É evidente que nem o PP nem os Ciudadanos – Partido de la Ciudadanía (C’s) estão dispostos a dar passos em frente nesse caminho. Ao invés, com a aplicação extensiva do artigo 155 da Constituição e os ataques não só ao autogoverno como também à língua e ao ensino na Catalunha, ambos os partidos parecem aspirar a uma recentralização do Estado e, inclusive, a uma renacionalização espanhola completa.
O mais preocupante é que também as elites dirigentes do PSOE, uma vez domesticado Pedro Sánchez e enterrada a “plurinacionalidade”, cerraram fileiras em torno do artigo 155 e da defesa fundamentalista da Constituição e da “unidade de Espanha”, limitando-se a prometer uma reforma constitucional moderadamente federalista que, como já ouvimos, nem PP nem C’s estão dispostos a negociar.

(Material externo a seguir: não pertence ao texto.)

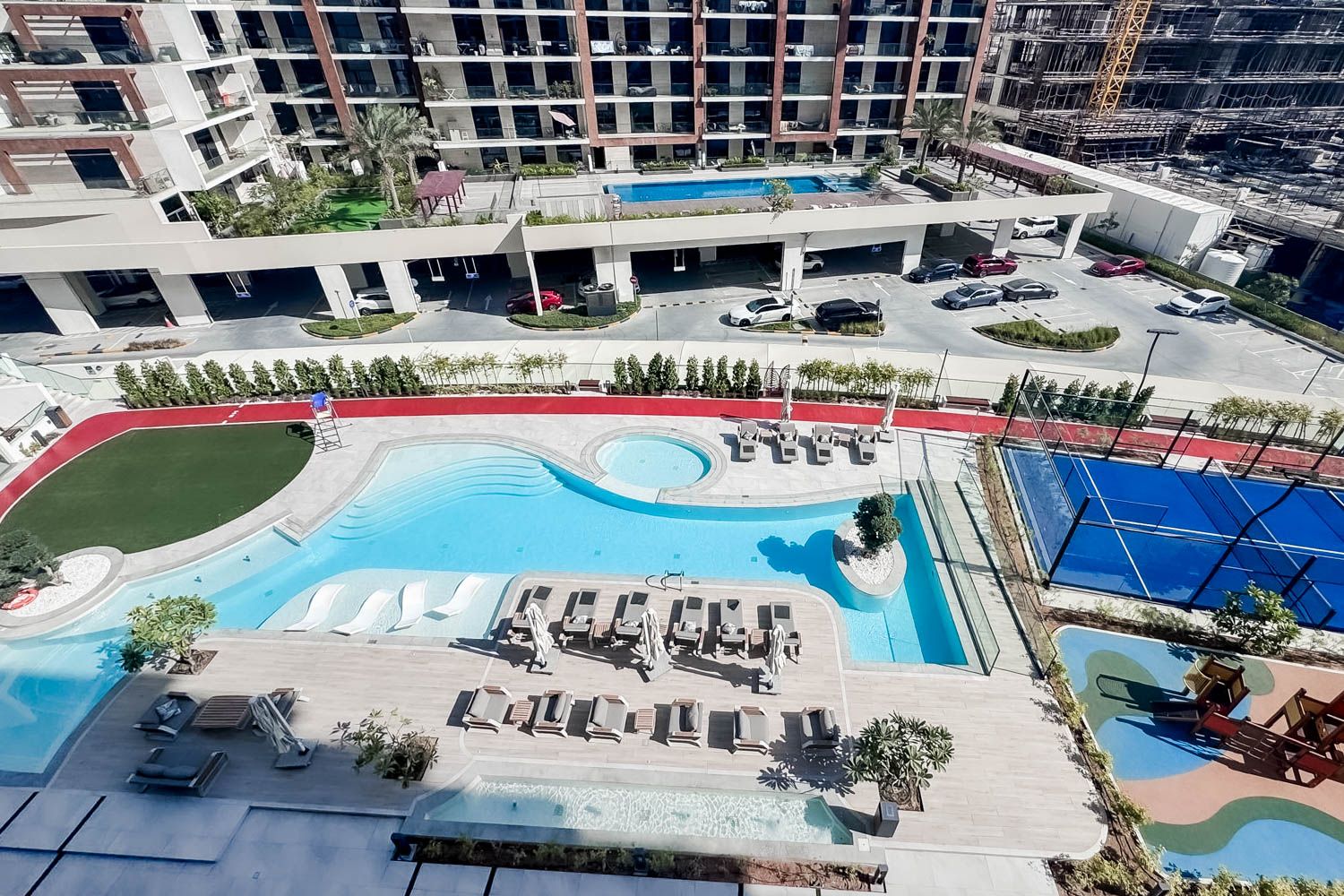  Apartment in Oxford Gardens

Na realidade, não deveríamos surpreendermos-nos muito com tal evolução do socialismo espanhol. Recordamos que, já no final de 1989, face a uma declaração aprovada no parlamento por iniciativa da ERC – em que se dizia que “a adoção do marco constitucional vigente (…) não significa a renúncia do povo catalão ao direito à autodeterminação”-, o então presidente do governo Felipe González manifestou que “estaria disposto a utilizar alguns dos mecanismos excecionais previstos no Título VIII da carta Magna. O artigo 155 da Constituição autoriza o Governo a tomar as medidas necessárias para forçar as Comunidades Autónomas ao cumprimento das suas obrigações legais e ao abandono de toda a actuação que ‘atente gravemente contra o interesse geral de Espanha’”.
Não, é portanto, surpreendente que tenha sido o mesmo Felipe González o principal impulsor do golpe de estado interno que sofreu Pedro Sánchez devido à sua aspiração de se converter em alternativa de governo após as eleições de junho de 2016 com o apoio de Podemos e das forças independentistas catalãs.
Pelo contrário, deveria reconhecer-se como um dado muito positivo que, desde a campanha eleitoral de dezembro de 2015, o Unidos Podemos tenha assumido a defesa da plurinacionalidade e do direito a decidir da Catalunha, já que é a primeira vez que uma força política com possibilidades de se converter em alternativa de governo assume essas reivindicações. Também o é que, ainda que tardiamente, apresente agora um recurso de inconstitucionalidade contra a aplicação do artigo 155 da Constituição.
Ainda assim, pudemos comprovar que a sua proposta de “repensar Espanha” parece limitar-se a procurar o “encaixe” da Catalunha naquela. Formulada assim, não parece que a sua assunção da plurinacionalidade acabe por romper com uma concepção de “Nação de nações” que continua a atribuir à nação catalã a condição de subalternidade em relação à espanhola.
Essa ambiguidade calculada poderia explicar também a sua posição de equidistância – mais preocupante ainda no caso da IU- entre o nacionalismo espanhol dominante e o catalão, ou a sua reticência em apoiar a participação efetiva no referendo do passado 1 de outubro. Posição que entrou em contradição com a adoptada pelo Podemos catalão e que conduziu finalmente a impor desde Madrid medidas que vieram a recordar as práticas centralistas da velha esquerda espanhola.